Hamas Tegaskan Enam Syarat Gencatan Senjata di Gaza, Tuduh Netanyahu Halangi Perdamaian
Daftar Isi
Jakarta, Wacana Publik - Negosiasi gencatan senjata antara kelompok Hamas dan Israel kembali digelar di Kairo, Mesir, dengan harapan mengakhiri konflik berkepanjangan yang telah menewaskan puluhan ribu warga sipil di Jalur Gaza. Namun, di balik meja perundingan, jalan menuju perdamaian tampaknya masih penuh liku. Hamas menegaskan sejumlah syarat utama yang harus dipenuhi sebelum mereka menyetujui gencatan senjata jangka panjang, sementara Israel, di bawah kepemimpinan Perdana Menteri Benjamin Netanyahu, disebut-sebut terus berupaya menghambat kemajuan pembicaraan tersebut.
Juru bicara Hamas, Fawzi Barhoum, mengatakan pihaknya datang ke Kairo dengan semangat positif dan komitmen tinggi untuk mencari solusi damai yang adil bagi rakyat Palestina. Ia menegaskan bahwa delegasi Hamas tengah berupaya “mengatasi semua hambatan” demi mencapai kesepakatan yang memenuhi aspirasi rakyat Gaza yang telah menderita akibat blokade dan serangan militer Israel selama berbulan-bulan.
Dalam pernyataannya yang disiarkan melalui media lokal Palestina, Barhoum menguraikan enam tuntutan utama Hamas dalam perundingan tersebut. Pertama, Hamas menuntut gencatan senjata permanen dan menyeluruh tanpa pengecualian di seluruh wilayah Gaza. Kedua, mereka meminta penarikan penuh seluruh pasukan Israel dari Gaza. Ketiga, Hamas menuntut akses tanpa batas bagi bantuan kemanusiaan dan pertolongan medis ke wilayah Gaza yang kini menghadapi krisis kemanusiaan akut.
Tuntutan keempat adalah pemulangan seluruh pengungsi Gaza ke rumah mereka tanpa hambatan militer Israel. Kelima, Hamas menginginkan dimulainya proses rekonstruksi penuh Gaza di bawah pengawasan badan teknokrat nasional Palestina agar pembangunan kembali infrastruktur berjalan transparan dan tidak dimanfaatkan untuk kepentingan politik pihak manapun. Dan keenam, mereka menekankan perlunya kesepakatan pertukaran tahanan yang adil, yang menurut Hamas harus mencakup pembebasan ribuan warga Palestina yang ditahan di penjara-penjara Israel.

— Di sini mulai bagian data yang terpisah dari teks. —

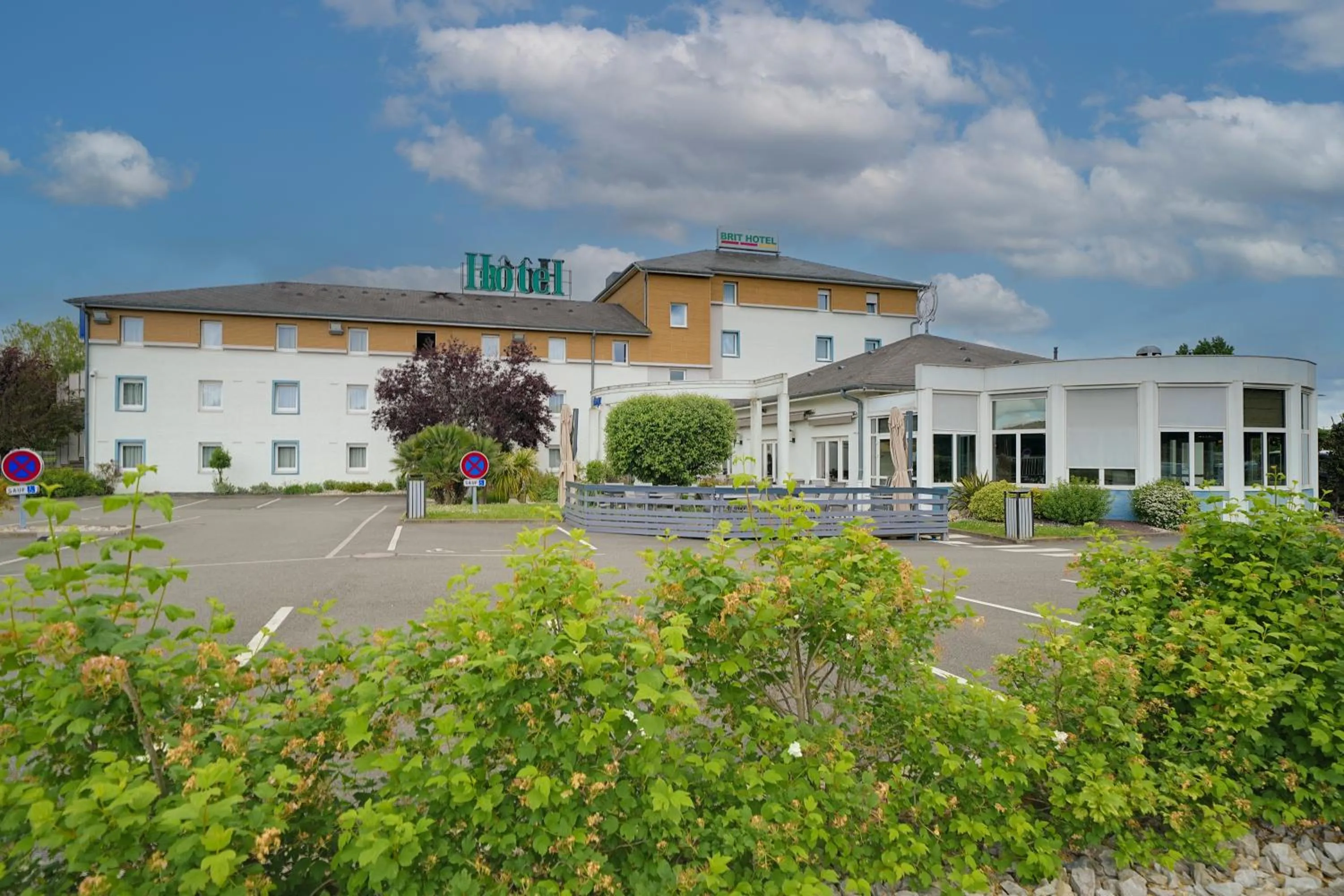 Property building in Brit Hotel Le Cottage Le Mans Sud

Barhoum juga menyampaikan kritik tajam terhadap Perdana Menteri Israel Benjamin Netanyahu. Ia menuduh Netanyahu secara sengaja menggagalkan proses perdamaian.
“Netanyahu berusaha menghalangi dan menggagalkan putaran negosiasi saat ini, sebagaimana ia telah sengaja menggagalkan semua putaran sebelumnya,” ujar Barhoum. Ia menambahkan bahwa Israel masih berusaha menciptakan “citra kemenangan palsu” di mata publik internasional.

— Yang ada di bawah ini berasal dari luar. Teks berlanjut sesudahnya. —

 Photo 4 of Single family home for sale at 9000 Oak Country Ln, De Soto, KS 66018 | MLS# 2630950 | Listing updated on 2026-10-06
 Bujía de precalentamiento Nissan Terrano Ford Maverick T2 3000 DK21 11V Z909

“Meskipun mereka memiliki kekuatan militer brutal, dukungan tak terbatas, dan kemitraan penuh Amerika dalam perang pemusnahan di Gaza, mereka belum dan tidak akan berhasil mencapai citra kemenangan yang palsu itu,” tegas Barhoum dalam konferensi persnya.
Menurut Barhoum, situasi di lapangan menunjukkan penderitaan yang luar biasa di pihak warga sipil Palestina. Rumah sakit kekurangan pasokan medis, ratusan ribu orang kehilangan tempat tinggal, dan banyak daerah di Gaza kini berubah menjadi puing-puing akibat serangan udara. Ia menegaskan, tuntutan Hamas bukan semata untuk keuntungan politik kelompoknya, tetapi untuk menyelamatkan masa depan Gaza yang semakin suram.
Sementara itu, di sisi lain, banyak pihak menilai bahwa peluang tercapainya kesepakatan damai masih sangat tipis. Salah satu pengamat politik Israel yang berpengaruh, Gideon Levy, kolumnis senior surat kabar Haaretz, menyebut bahwa meskipun proposal baru yang dibahas di Mesir tampak menjanjikan, namun jalan menuju penyelesaian politik jangka panjang masih sangat jauh.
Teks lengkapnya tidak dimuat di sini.